What you will do
Everything from the first line of the material to the line containing "Men Yellow Silk", inclusive, must be given again exactly; no pictures, and nothing past that line.

Task data
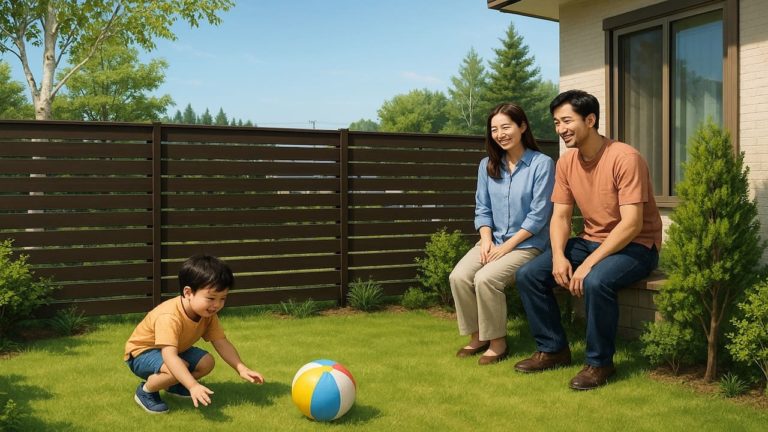 苫小牧市の住宅に施工された目隠しフェンスイメージ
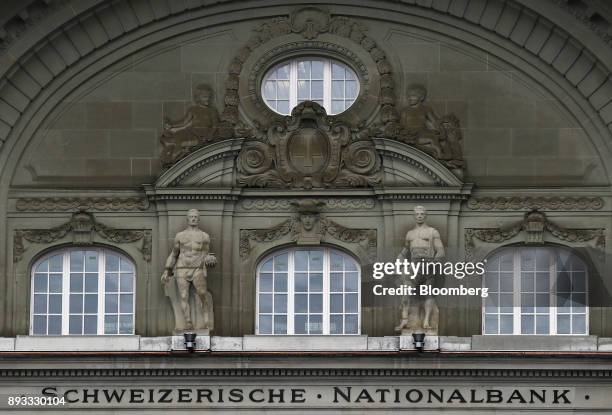 The Swiss National Bank building stands ahead of the bank's rate announcement news conference in Bern, Switzerland, on Thursday, Dec. 14, 2017....
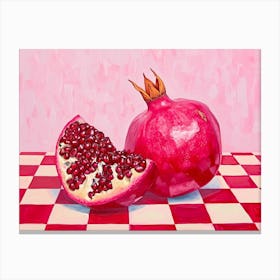 Pomegranate Pink Checkerboard 3 Canvas Print
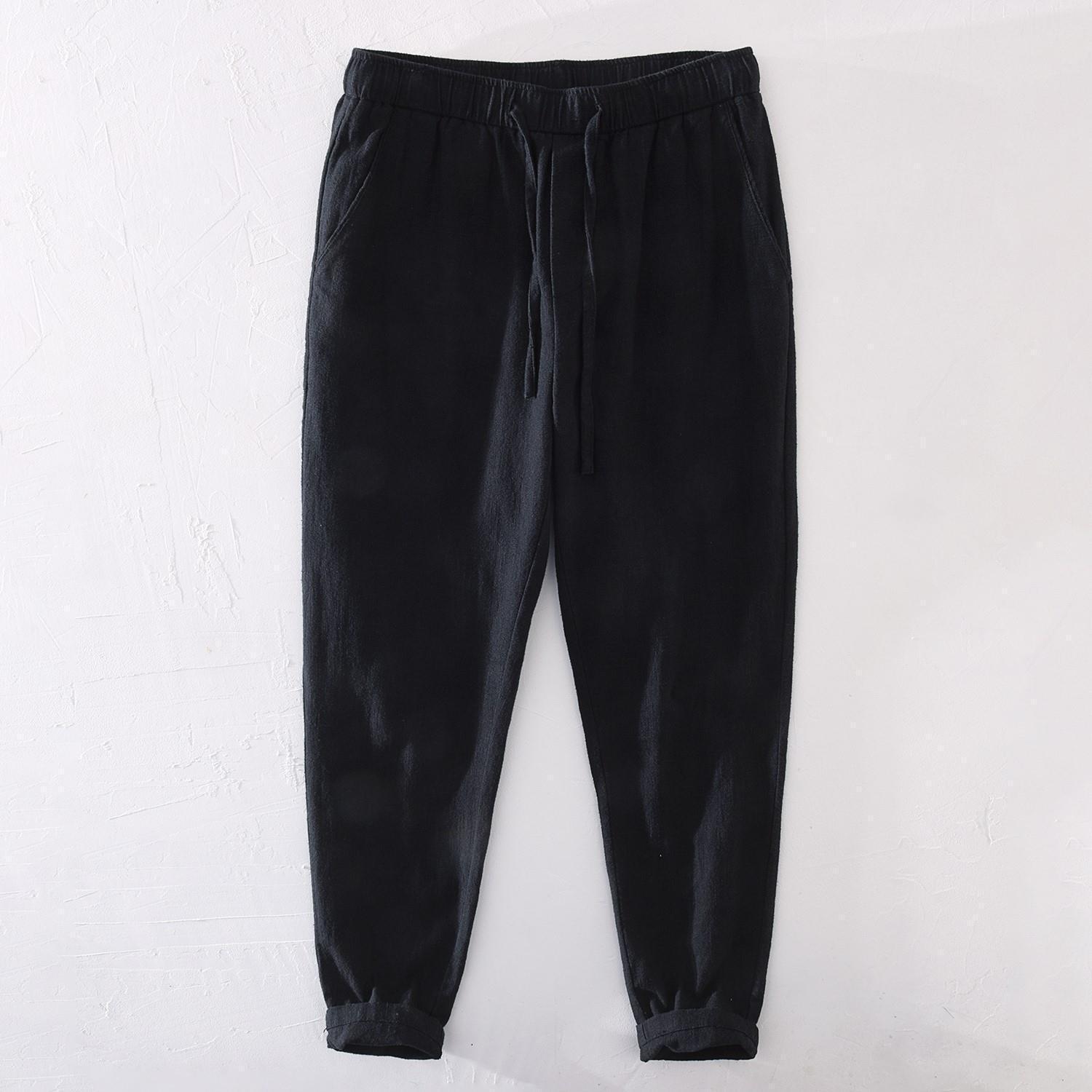 Pantalones casuales de lino rectos de algodón y lino con cintura elástica retro extremadamente cáñamo pantalones de lino sueltos de todo fósforo con cordón para hombres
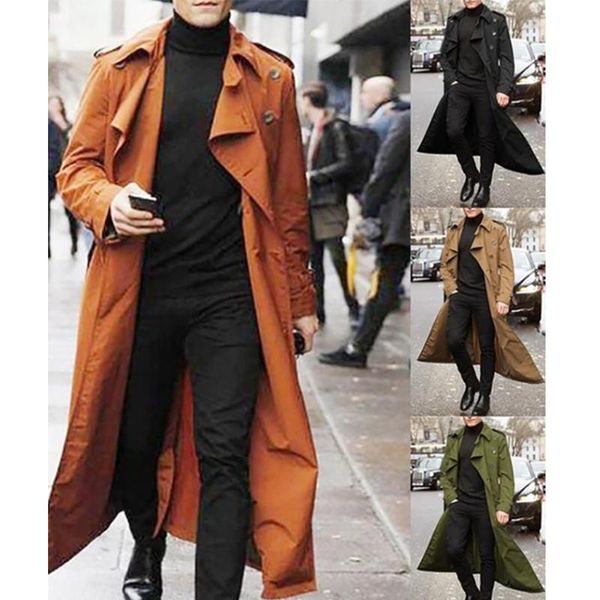 

men's trench coats men fashion x-long overcoat winter full length streetwear coat warm jacket formal outerwear, Tan;black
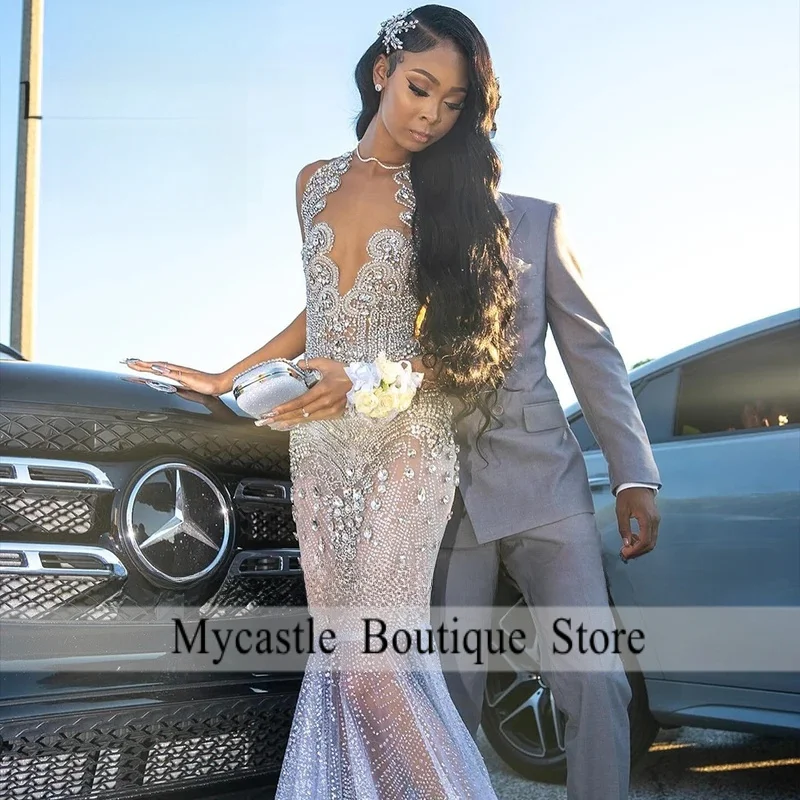Sparkly Diamond Prom Dresses 2026 Diamond Illusion Evening Party Gowns Customized Sleeveless Mermaid Serene Hill Dress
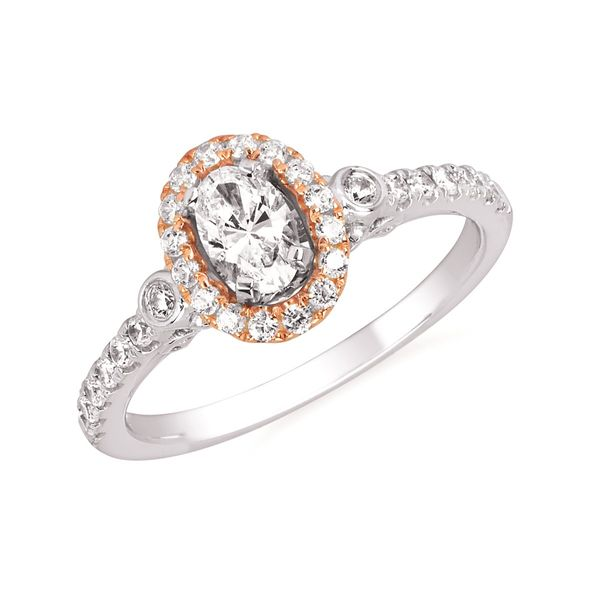 Rose And White Gold Oval Diamond Ring J. Thomas Jewelers Rochester Hills, MI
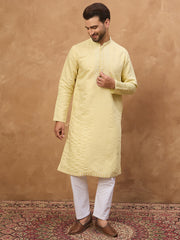 Men Yellow Silk Blend Solid Embroidered Straight Kurta-MKU1507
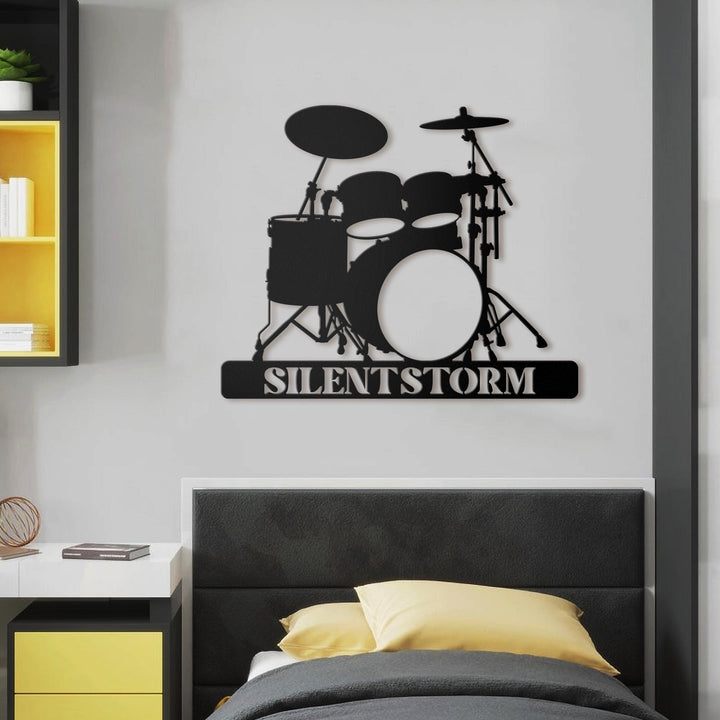 Custom Drum Metal Sign Wall Art With LED Lights, Personalized Drummer Name Sign, Metal Wall Hanging, Gift For Musician, Music Decor
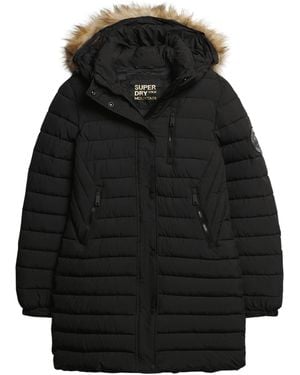 Superdry Fuji Hooded Mid Length Puffer Veste - Noir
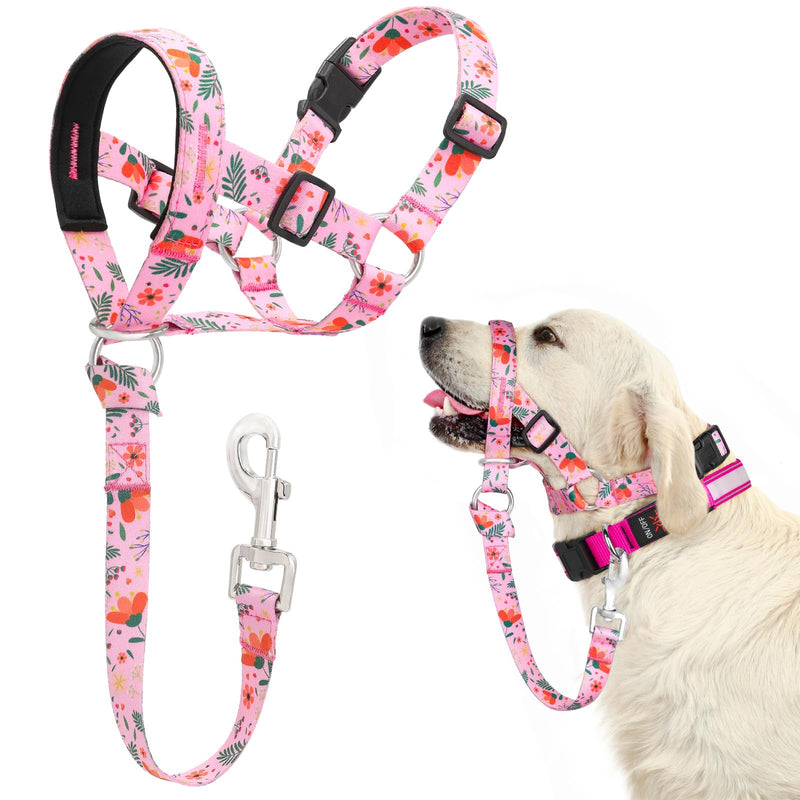 No-Pull Dog Headcollar - Adjustable Head Halter Collar for Dogs, Padded Gentle Lead to Stop Heavy Pulling on The Leash, Anti-Pull Training Muzzle for Easy Control on Walks (Pink, Medium) Pink - PawsPlanet Australia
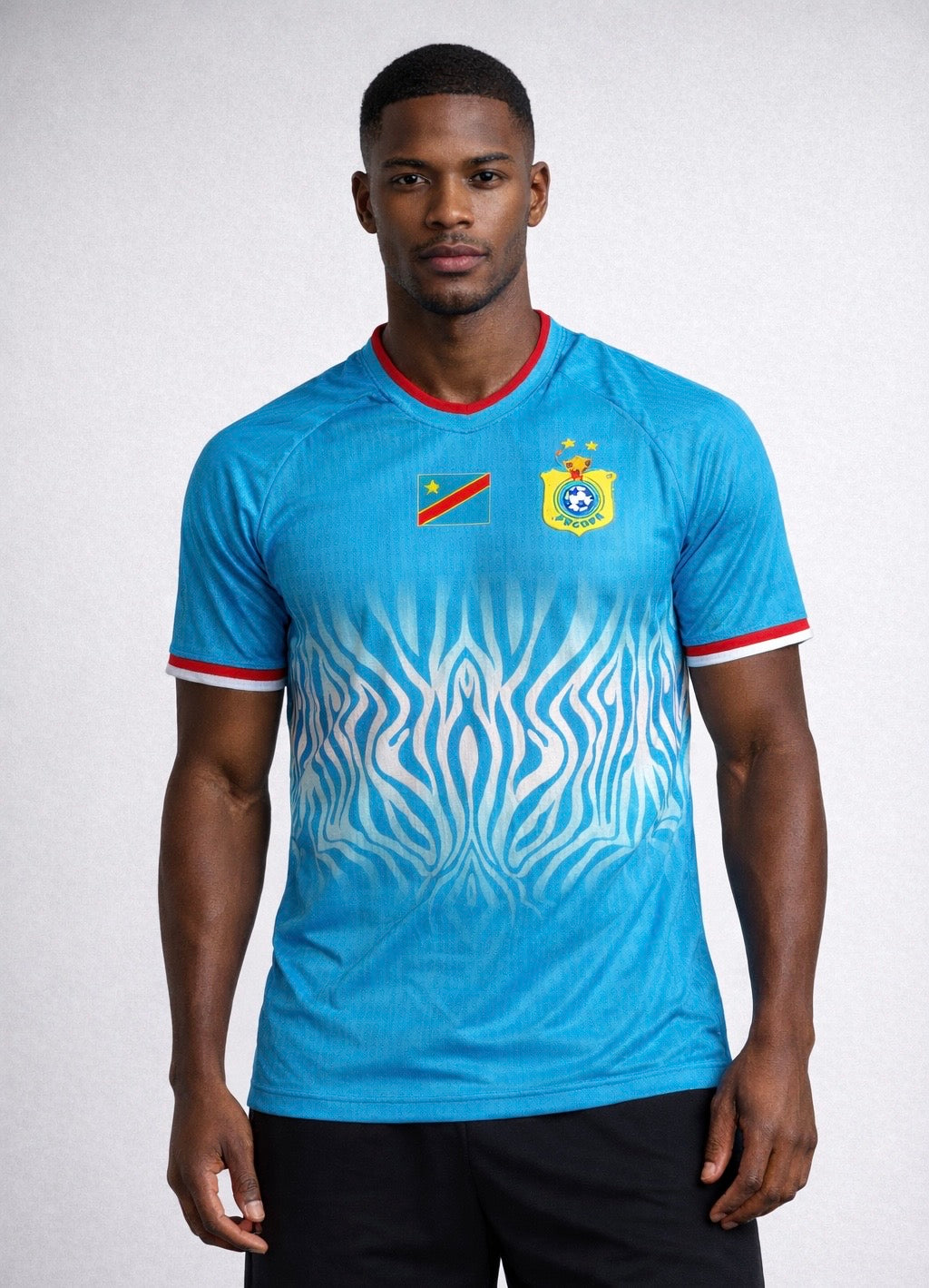 Leopards Jersey. DRC National soccer team . Vareuses RDC. Léopards du Congo . Congolese soccer . Congo jersey. Congo shirt . Congo maillot de football. Equipe nationale du Congo. CAF Congo Kinshasa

Task answer
 苫小牧市の住宅に施工された目隠しフェンスイメージ
 The Swiss National Bank building stands ahead of the bank's rate announcement news conference in Bern, Switzerland, on Thursday, Dec. 14, 2017....
 Pomegranate Pink Checkerboard 3 Canvas Print
 Pantalones casuales de lino rectos de algodón y lino con cintura elástica retro extremadamente cáñamo pantalones de lino sueltos de todo fósforo con cordón para hombres

men's trench coats men fashion x-long overcoat winter full length streetwear coat warm jacket formal outerwear, Tan;black
Sparkly Diamond Prom Dresses 2026 Diamond Illusion Evening Party Gowns Customized Sleeveless Mermaid Serene Hill Dress
 Rose And White Gold Oval Diamond Ring J. Thomas Jewelers Rochester Hills, MI
 Men Yellow Silk Blend Solid Embroidered Straight Kurta-MKU1507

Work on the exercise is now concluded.